Despite the squabbling, analysts agree, as did Gen. McChrystal, that he committed a major blunder in opening up to a reporter.
“I am of two minds,” said Michael O’Hanlon, a military analyst at the Brookings Institution. “Last fall, Gen. McChrystal took too much of the brunt of criticism for poor communications between the White House and the military that were not primarily McChrystal’s fault. So I am very sympathetic to him through that whole period.”
But Mr. O’Hanlon said that, after effectively winning the policy debate, the general and his staff needed to be “good winners and be charitable and collegial.”
“At least for the purposes of the magazine article, they failed to do so,” he said. “That is a shame, because McChrystal in particular is one of the most collegial, deferential and team-oriented generals I’ve known, and I think he was doing a great job in Afghanistan.
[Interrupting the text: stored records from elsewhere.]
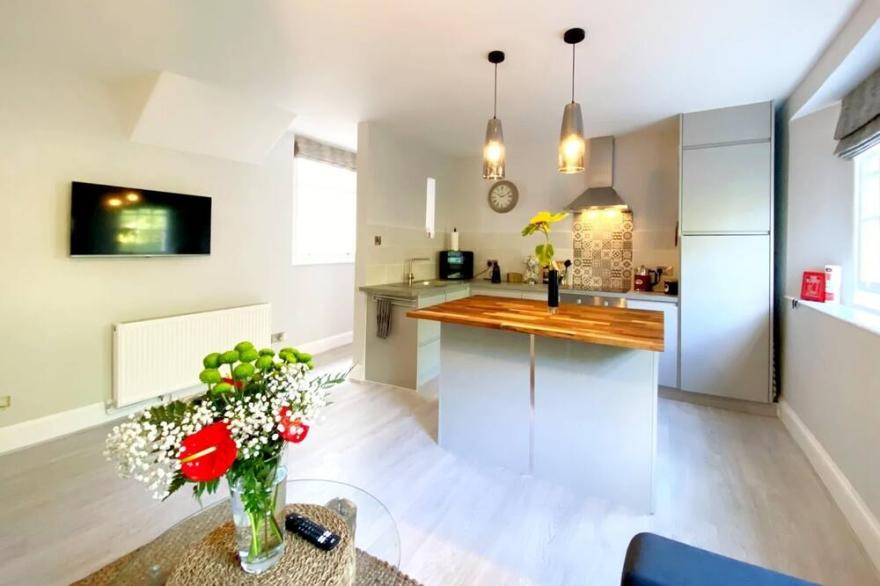 Meadfoot Bay Apartment at Hesketh Crescent - sleeps 3 guests  in 1 bedroom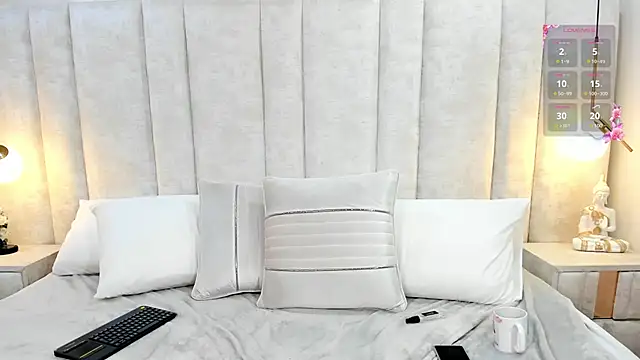 im helina online show from February 2025 06:21:02 PM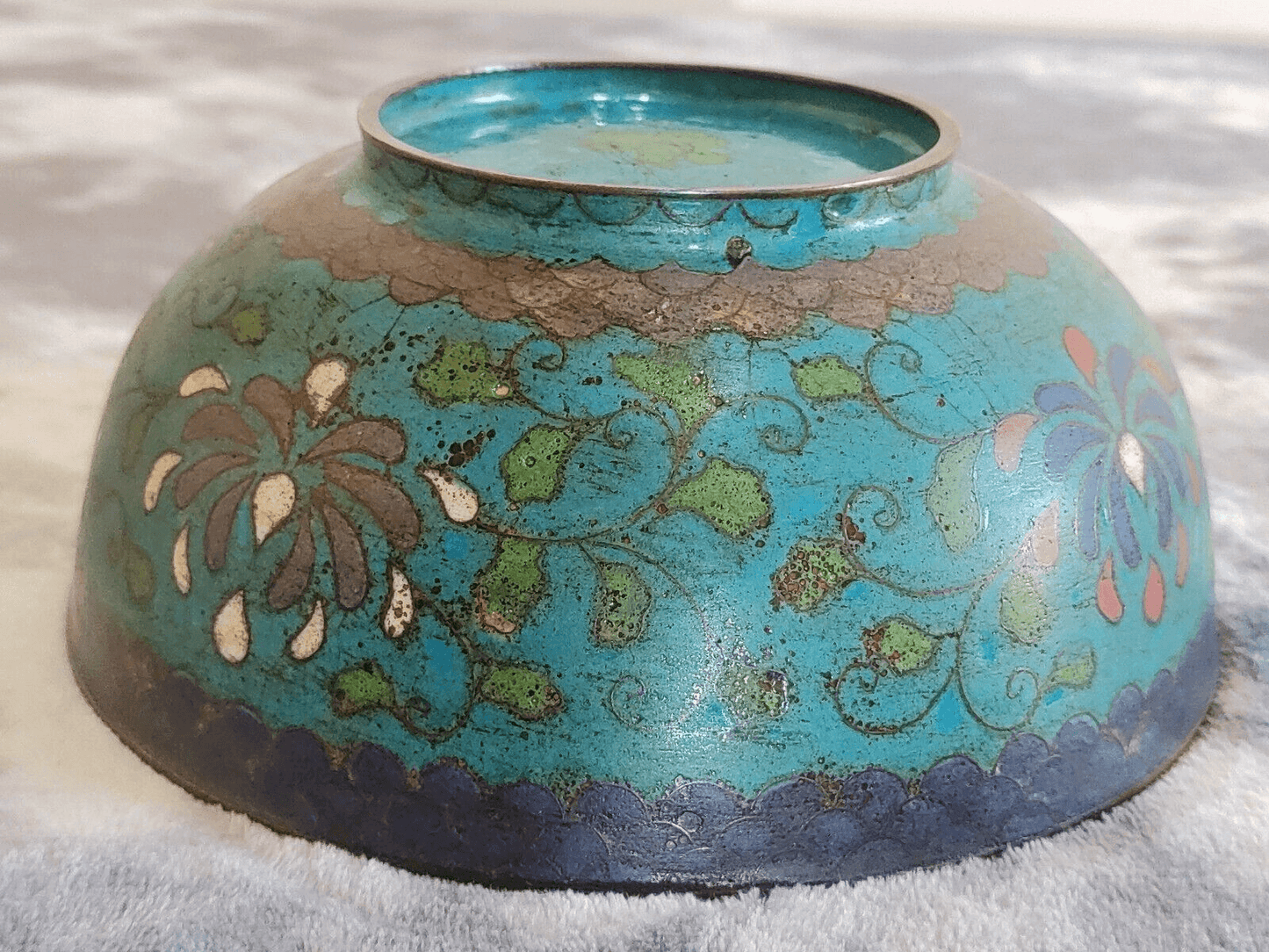 Chinese 16th / 17th Century Ming Dynasty Antique Cloisonne Enamel Bowl - 7.25" - Tommy's Treasure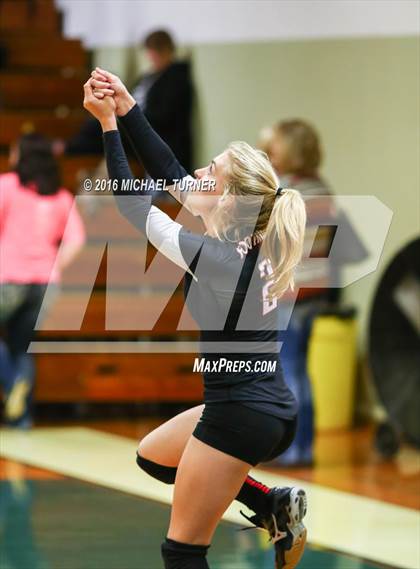 Thumbnail 3 in Foothill @ Red Bluff photogallery.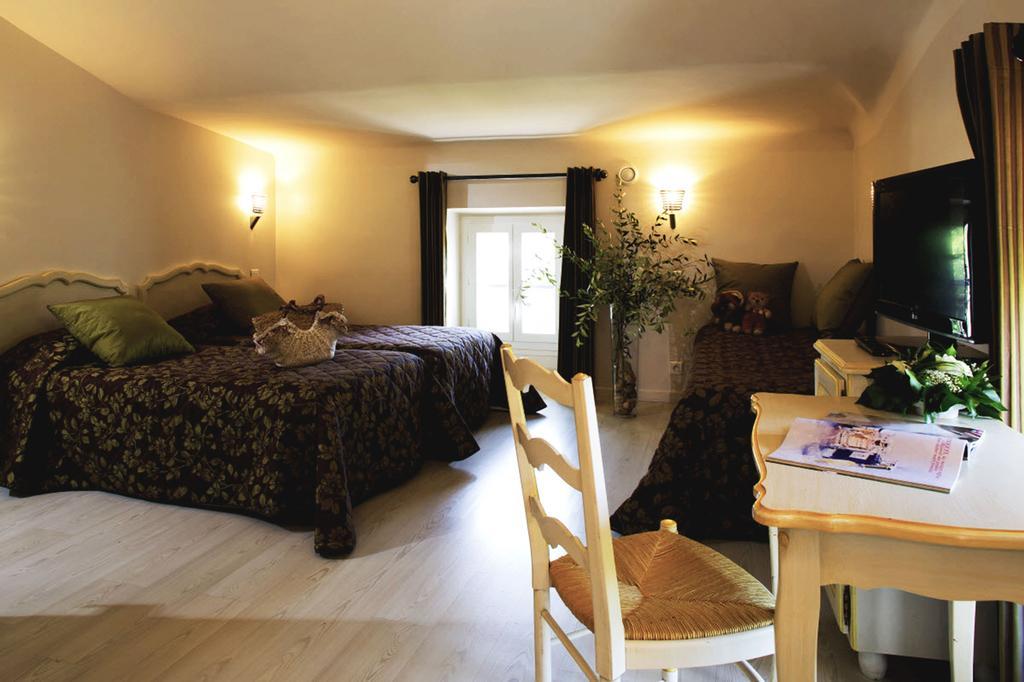 Hotel Du Bosquet Pégomas Exteriör bild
Unfortunately, they made some major mistakes vis-a-vis Washington at a time when it’s particularly perplexing to understand why or how that was necessary.”
There was not much sympathy for Gen. McChrystal in the special-operations community, where he, as an Army Ranger, spent years in so-called “black operations.” His resume included running the supersecret Joint Special Operations Command, which he led in Iraq to hunt down al Qaeda terrorists.
Some in the field said they hope Gen. Petraeus‘ first step is to loosen the rules of engagement implemented by Gen. McChrystal, which limited air strikes, night operations and the destruction of terrorist safe havens. Gen. Petraeus may signal his intentions during confirmation hearings Tuesday before the Senate Armed Services Committee. He appeared before the committee earlier this month to discuss Afghanistan.
“We get feedback periodically that troopers feel that they are being held back,” he testified. “We don’t want that to be the case. That is not the intent. The intent is very clearly just to reduce to an absolute minimum the loss of innocent civilian life, which in a counterinsurgency operation in particular can unhinge you.”
Gen. Petraeus, as head of U.S. Central Command, approved Gen. McChrystal’s war plan and troop number and generally gave him wide latitude to run operations the way he saw fit. That does not mean Gen. Petraeus, who ran what is considered a successful surge in Iraq, will not change tactics. He will arrive as NATO forces are assembling for major assaults in the Taliban stronghold of southern Afghanistan in late summer or fall, when the surge of 30,000 troops will be complete.
“When he gets on the ground, he will assess the situation for himself,” the defense secretary said. “And at some point, he will make recommendations to the president. And that’s what any military commander should do. And the president will welcome those recommendations.”